Because the "things you put in your head, they will stay there forever"...

Mais surtout parce que c'est indéniablement un de mes groupes préférés!

 

Aller au Népal et ne pas partir en trek, c'est comme aller au Wendy's et ne pas prendre un Baconator : ça se fait certes, ne soyons pas aussi obtus, mais ça en limite quand même l'intérêt! Car le Népal, petit pays d'à peine 800 kilomètres de longueur, se paye le luxe d'avoir la mythique chaîne de l'Himalaya longeant sa bordure nord, telle une glaciale frontière naturelle avec son voisin Chinois. L'Himalaya -"la demeure des neiges" en ancien dialecte indien- est une chaîne de montagnes titanesque d'où rayonne le point culminant de notre planète, le Mont Everest (8848 mètres d'altitude). Titanesque, le mot est presque faiblard quand on sait qu'on parle d'une chaîne qui, en plus du patron, aligne "tout simplement" les 14 sommets les plus hauts du monde! Sur son versant Népalais, ça en sont 9 que l'on dénombre -de plus de 8000 mètres- eux-mêmes côtoyés par une centaine de subordonnés (de plus de 7000 mètres)!

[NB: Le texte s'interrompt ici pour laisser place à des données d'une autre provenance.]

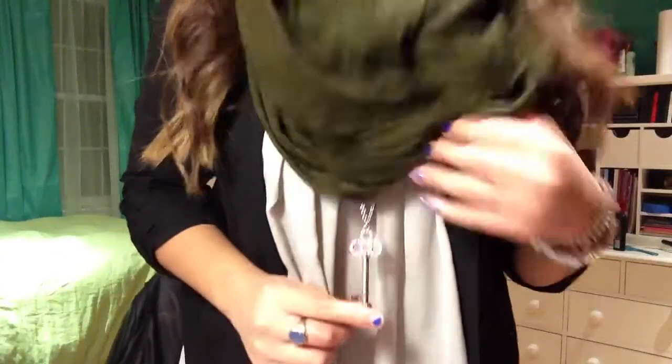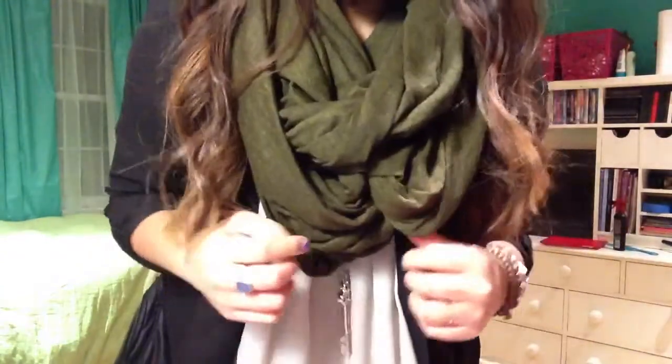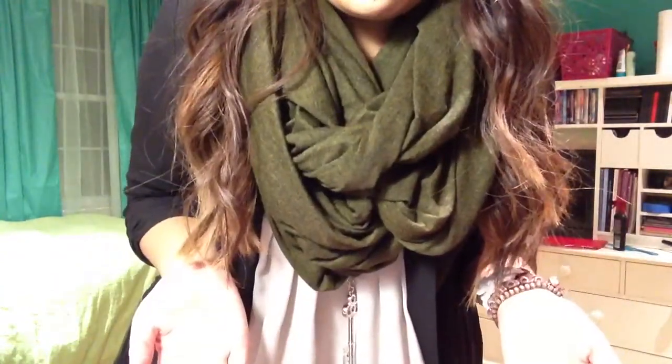My hair was curled — it was a lot curlier this morning. Now it's kind of wavy and being held up by a clip. For jewelry, the usual Brandy Melville bracelets, watch, rings, and a key necklace from a few weeks ago. And on my neck I'm wearing my American Apparel scarf.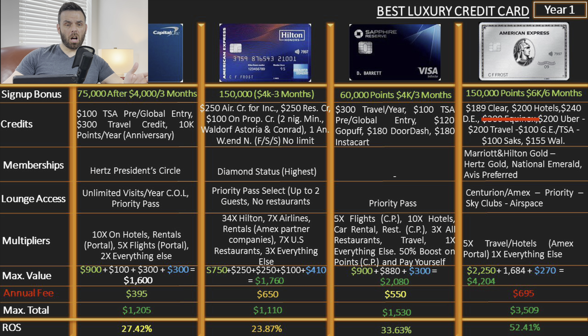Then there's the anniversary weekend night — at minimum you can expect $400 in value, and it can go all the way to $800-$900 depending on the time of year and hotel you choose. If you go to New York around Christmas, you can get twice the annual fee in value just from that night, plus another $500 in credits. Based on the credits alone, the Hilton Aspire can give you up to $200 profit after the annual fee, while the Venture X just breaks even.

Voilà pourquoi il est bien difficile de ne pas entendre parler du Népal. Surtout quand on a grandi en lisant et relisant les aventures du célèbre reporter belge et de son chien blanc frisé (et oui, Tintin au Tibet se déroule majoritairement... au Népal)! Car au delà de la simple considération qu'il n'y a rien de plus sexy que les courbes attrayantes des montagnes de notre planète, le Népal est un pays qui m'attire aussi par sa culture mystérieuse (les célèbres sherpas) coincée entre bouddhisme et hindouisme. Mais ce serait mentir que de renier la soif insatiable de nature grandiose et parfois hostile que je nourris depuis quelques années maintenant. Une soif d’aventure qui me faisait rêver de ce petit pays et de ses géants de glace...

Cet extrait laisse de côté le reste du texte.